The proposed increase would net $350 million yearly after accounting for a resulting decline in cigarette sales. That sales drop is the main point for no-smoking supporters who estimate that teen smoking will drop 16 percent because of the price increase.
Although the legislative session is half over, the advocates feel their momentum will grow as other organizations face the likelihood that they're not going to avoid budget cuts any other way, according to Lee Hughes, a lobbyist for the Campaign for Tobacco Free Kids.
"As we get down to crunch time, there are going to be more and more causes looking for ways to pay for their services," he said.
In the past three years, the tax supporters rallied around a bill sponsored by Rep. Ron Stephens, R-Savannah. This year, he didn't introduce his bill, so the groups are focusing on a sweeping tax-reform legislative package stemming from recommendations of a council of economists and business executives.
The tax reform council called for boosting the tax 31 cents to match the average of surrounding states. The advocates see that as an opening to persuade lawmakers to go further.

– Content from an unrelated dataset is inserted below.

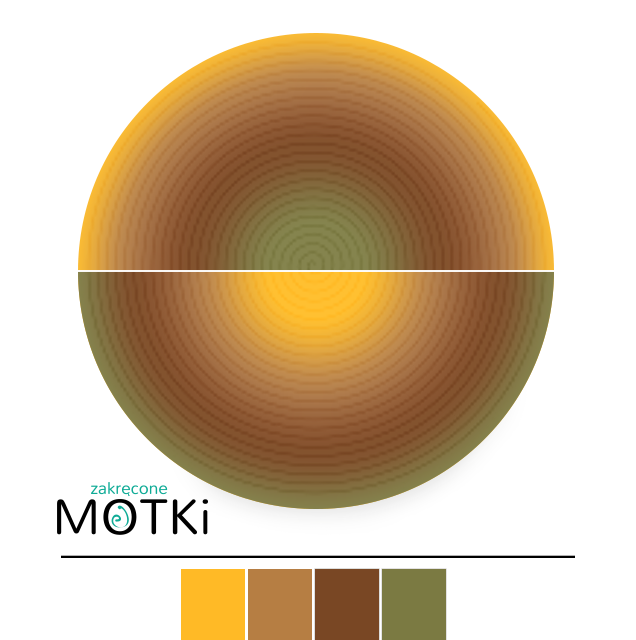 14044-11-k-s-1.png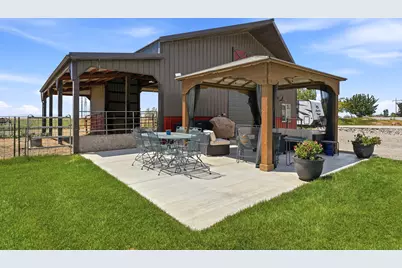 1672 Equestrian Park Way, Kaysville, UT 84037 - Photo 29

They note that Florida raised its tax by $1 in 2009. No Florida legislators were defeated as a result, they said, and Georgia's tobacco revenue didn't rise as a result of Floridians driving to the Peach State for cheaper smokes. That could mean that Georgia smokers won't abandon stores in cities like Savannah and Augusta for South Carolina.
When Georgia legislators raised this state's cigarette tax 25 cents in 2003, voters didn't punish any of them, according to June Deen of the Lung Association.
Gov. Nathan Deal has said he opposes any tax increases and will only go along with the tax-reform package because it is revenue neutral.
And the law creating the tax-reform council requires the General Assembly to vote on all of the recommendations as presented, without amendment.
"It's still early in the session, and we think it's got a pretty good chance to pass," said Sarah Balog, lobbyist for the American Heart Association.
Still, the advocates remain unfazed, arguing that the last tobacco-tax increase took 10 years of lobbying.
"We're going to keep talking about (it)," Deen said. "We're not going away."